Regional tourism cooperation can achieve effective resource-sharing, market expansion, cost reductions, scaling of economies, and effects that the overall is greater than the sum of the parts (Arroll, 1993; Guoand He, 2012). This cooperation is an inevitable choice for regional economic development and is a significant way to improve tourism competitiveness and build tourism destination brands. However, as a spatial organization with a certain geographic scope, the optimum scope (or scale) of regional tourism cooperation is important. If the scale is too large, the tourism resources within the cooperation scope will not be fully utilized, which will result in a waste of resources. Contrarily, if the scale is too small, it will not be able to satisfy the needs of tourists, which is also not conducive to the healthy development of regional tourism cooperation (Costa and Lima, 2018; Fagence, 1996).
Considering the existing research on regional tourism cooperation at home and abroad, most scholars only stop at the construction and spatial structure of regional tourism cooperation, although some have realized the importance of the spatial scale (Hascoët, 2019; Li et al., 2020; Wang, 2009), and use various qualitative or quantitative methods to explore. However, some deficiencies remain: (1) in the qualitative research, only the approximate scale of the regional tourism cooperation is provided, and no explanation is given as to whether the scale of the regional tourism cooperation is appropriate; (2) in the quantitative research, either the spillover effect between regions is not considered or the spillover effect between multiple destinations could not be described simultaneously; and (3) previous methods do not consider the relevance of the geographic space. According to the first law of geography, a correlation lies between everything. The closer the distance between two things, the greater their correlation. Contrarily, the farther the distance between two things, the weaker their correlation. Therefore, the spatial correlation of geographic location plays a significant role in the construction of regional tourism cooperation. Based on this, we introduce the spatial econometric model, which assigns a spatial weights matrix to the tourism flows of neighboring cities/regions as a spatially lagging dependent variable and introduces it into the traditional econometric model. The regression coefficient (i.e., spillover coefficient) is used to measure the spillover effect of tourism flows (Yang and Wong, 2012). Among them, the definition of “neighbors” by the spatial weights matrix provides an effective way to measure the optimum scale of regional tourism cooperation. Specifically, this means setting different numbers of neighbors to perform scenario simulations to calculate the spillover effect under the corresponding scenarios. This is done to analyze the “optimum scale” of the regional tourism cooperation by establishing a quantitative relationship between the “number of neighbors” and the “spillover effect.”

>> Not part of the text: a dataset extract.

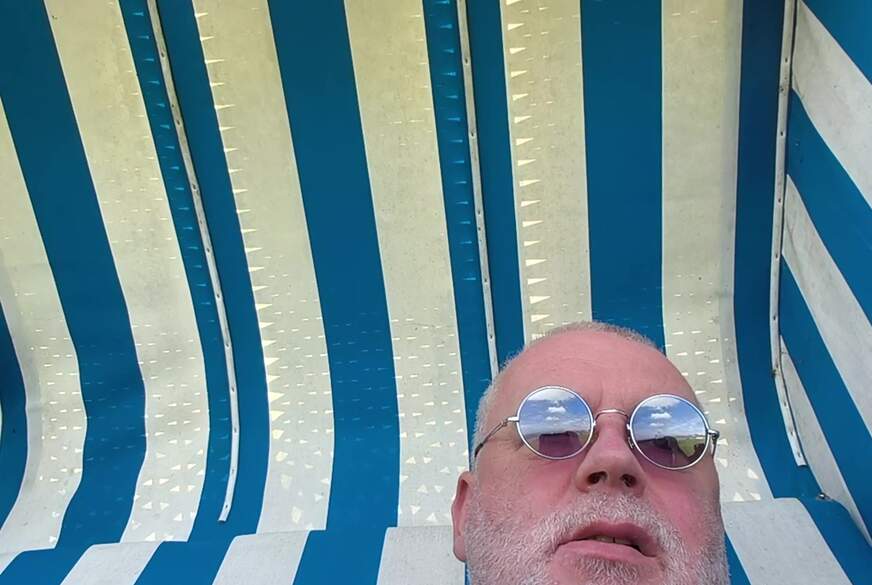 Nylonj***e: Barfüssiges Warten auf die Flut am Strand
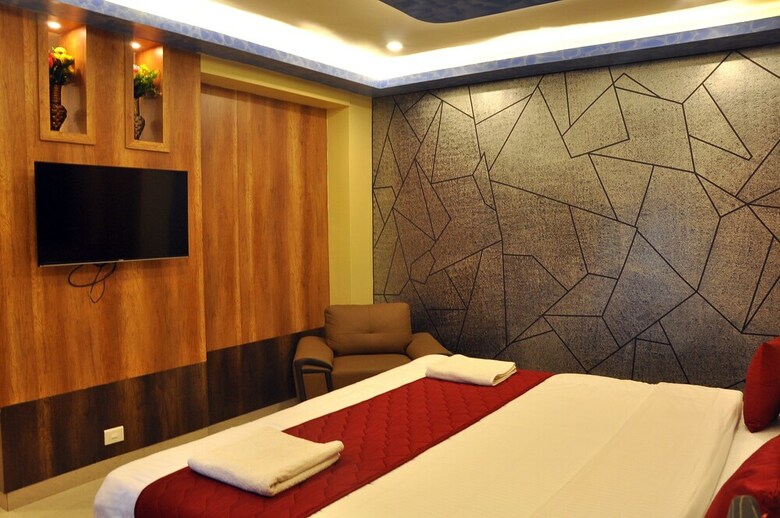 Hotel Sdm Golden Tower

So, we choose China as our context. As a pillar industry of the national economy and modern service industry in China, the tourism industry has witnessed rapid growth in recent years. Specifically, the total revenue from the tourism industry reached 6.0 trillion Yuan, which accounted for about 11.0% of China’s GDP in 2018. More importantly, these numbers are on the rise. In this context, for the relevant stakeholders, to further accelerate the high-quality development of the tourism industry in all regions of China, the regional tourism cooperation launched by local governments is playing an irreplaceable role in promoting the development of the regional tourism industry. For instance, as one of the most economically developed regions in China, the Yangtze River Delta has become a typical demonstration area for regional tourism cooperation. However, the scale of its cooperation expanded was continuously from the initial 16 cities in 2003 to 20 cities in 2004, 24 cities in 2005, and 25 cities in 2006. In other words, the scale of the cooperation is mainly determined by the subjective will of local governments, and whether the scale is optimal remains to be discussed. Similar issues could be found elsewhere in China. Therefore, for the relevant stakeholders, how to determine their optimum scale is of great significance for promoting the sustainable development of China’s tourism industry. This is also the main reason why this paper takes China as our research object. Moreover, for the relevant policy makers in other market economies such as India and Brazil, it might also provide an important reference to formulate more targeted measures for improving the development of the regional tourism industry.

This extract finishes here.